For two decades, it has been an article of faith, at least within one potent sector of the Republican Party, that tax cuts are ipso facto good (and tax hikes are ipso facto bad) for the economy, for the financial markets and thus, for all of us. For two decades, as well, taxes have gone up and down, and so have the economy and the financial markets. So how do theory and reality compare?
Other things being equal, a tax cut, by stimulating consumption and investment, can help the economy. But many things besides taxes affect the level of economic activity. And then there's the little problem of paying for the nice tax cut.
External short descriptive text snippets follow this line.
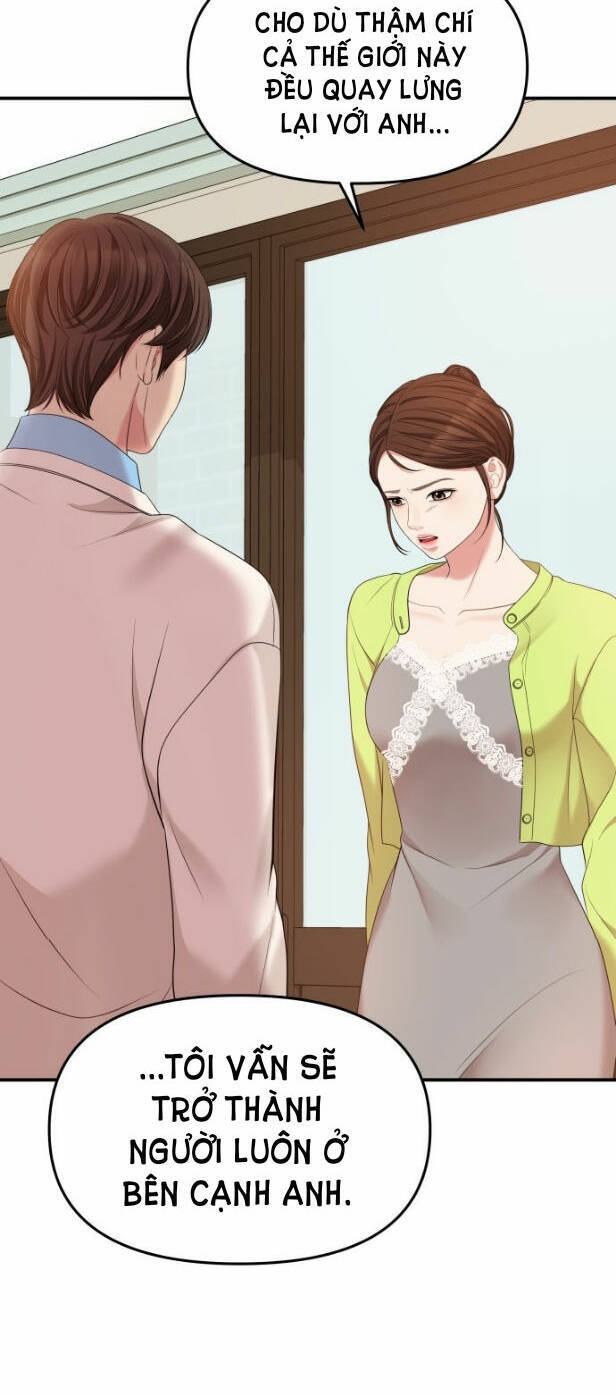 Gửi Em, Người Nuốt Trọn Vì Sao - Chương 51.2 - Trang 33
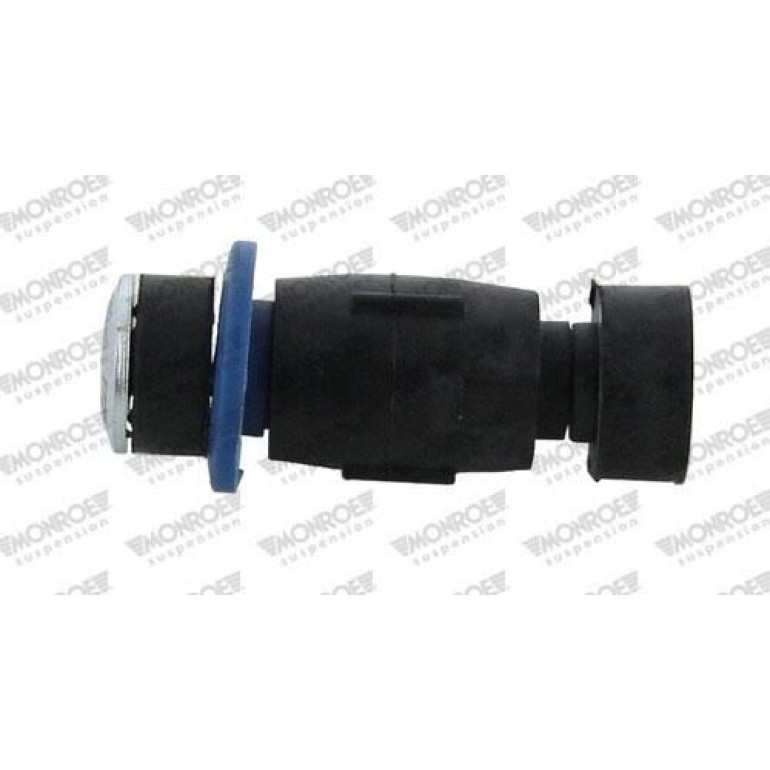 Stange/Strebe, Stabilisator L25620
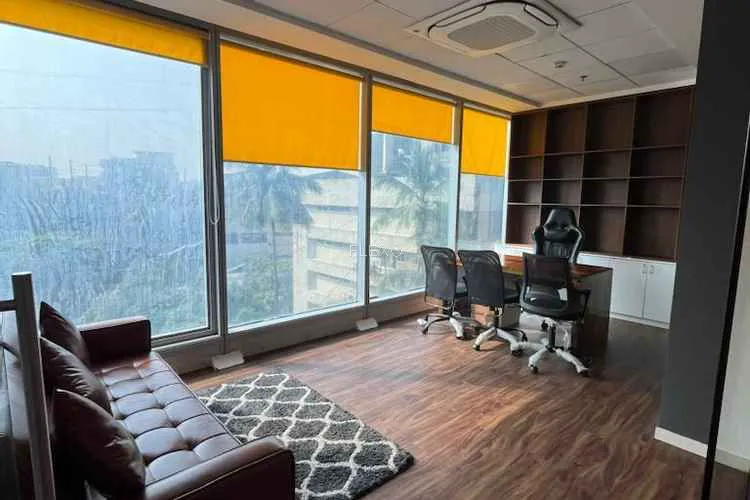hive hostel andheri east andheri east coworking space 1838_535501.webp
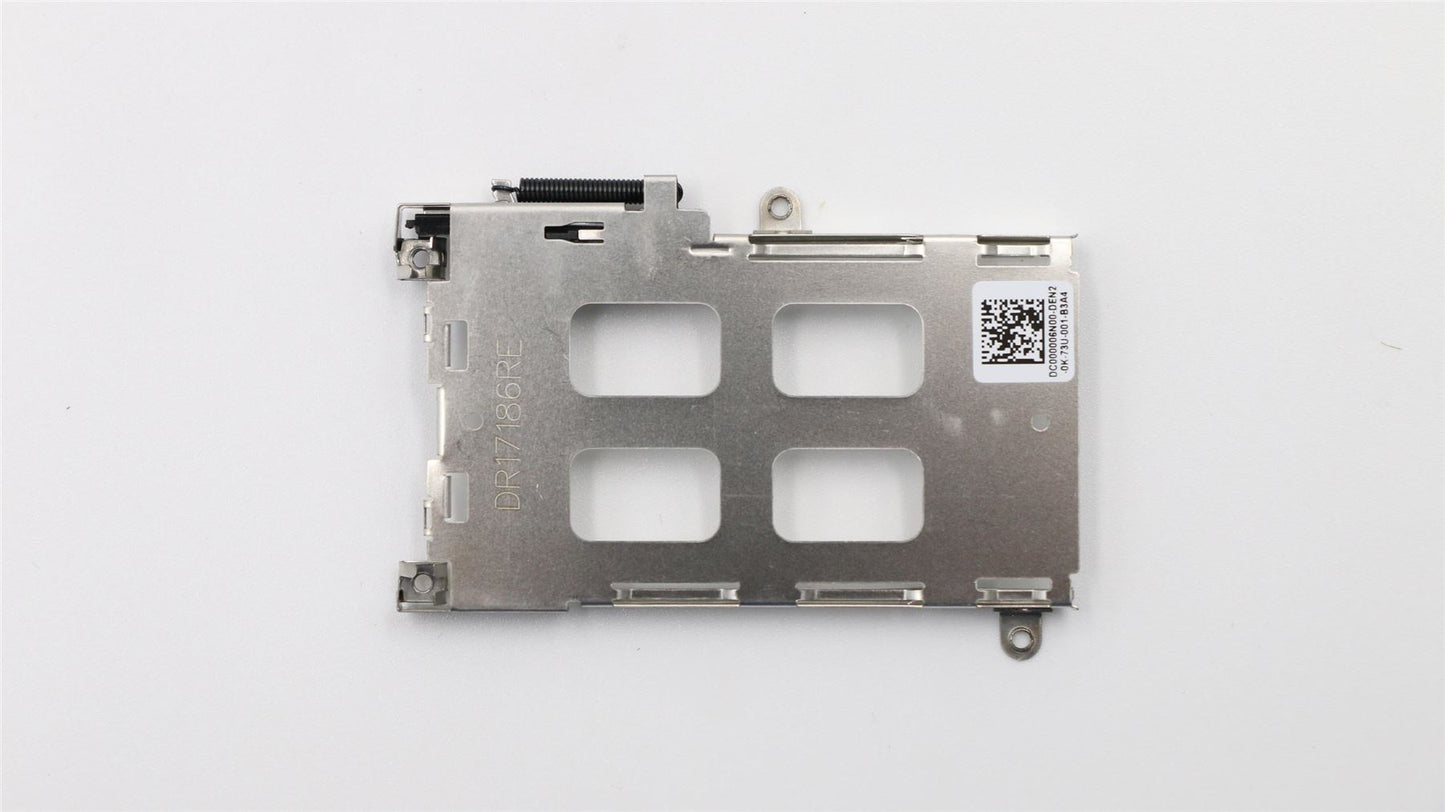 Lenovo Express card slot,Deren 00NY607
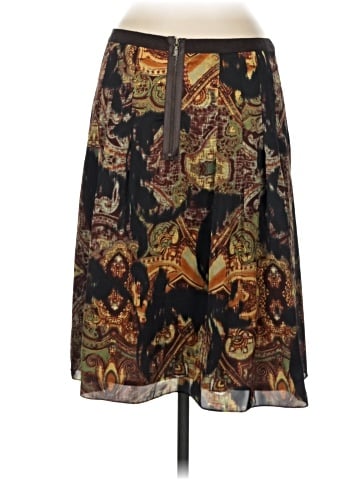Jones New York Collection Casual Skirt (view 2)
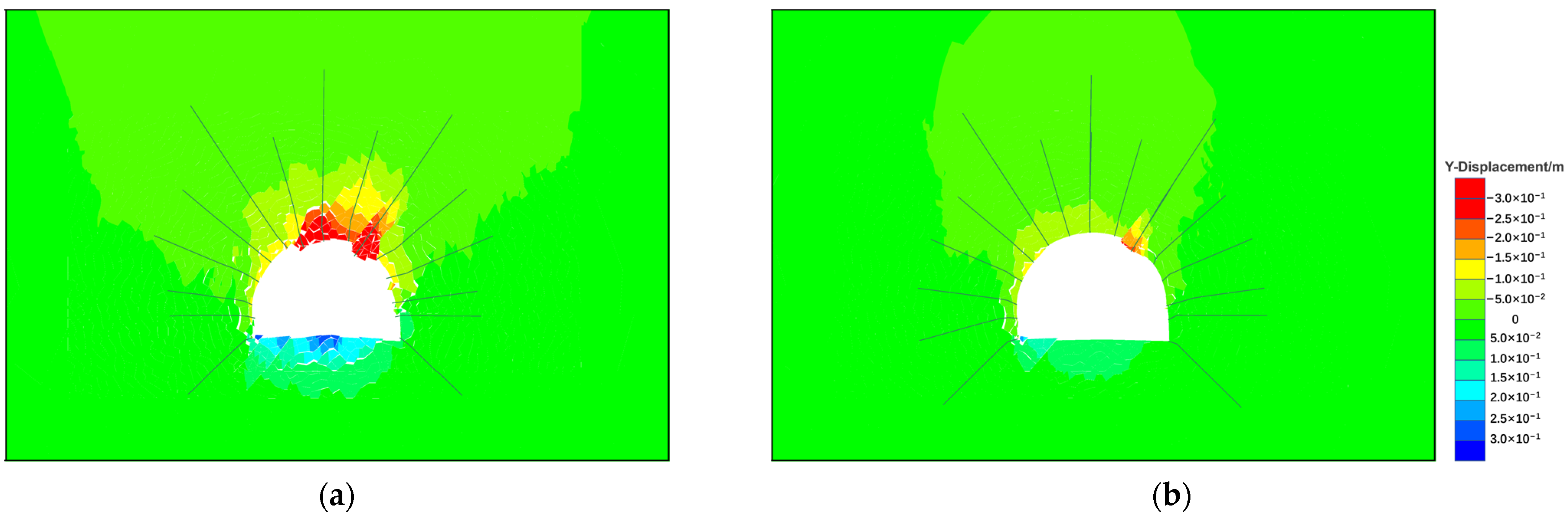 Processes 11 01453 g021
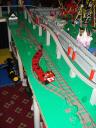 dsc00822.jpg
As long as Congress is unwilling to offset revenue losses with real spending cuts (not the vague promises of future rectitude that have been the mainstay of every "historic balanced budget" package since 1981), a cut in taxes means a bigger federal budget deficit. And that, in turn, can drain investment capital, alarm an inflation-wary Federal Reserve Board, raise interest rates, and unnerve financial markets.
So, are tax cuts good for the economy and tax hikes bad? Take a look at the record, from Ronald Reagan's famous 1981 tax cut through Bill Clinton's famous 1993 tax hike, and judge for yourself.
Of course, President Clinton has since repented his tax-boosting ways. Only last month, he signed off on another big tax cut. Uh-oh.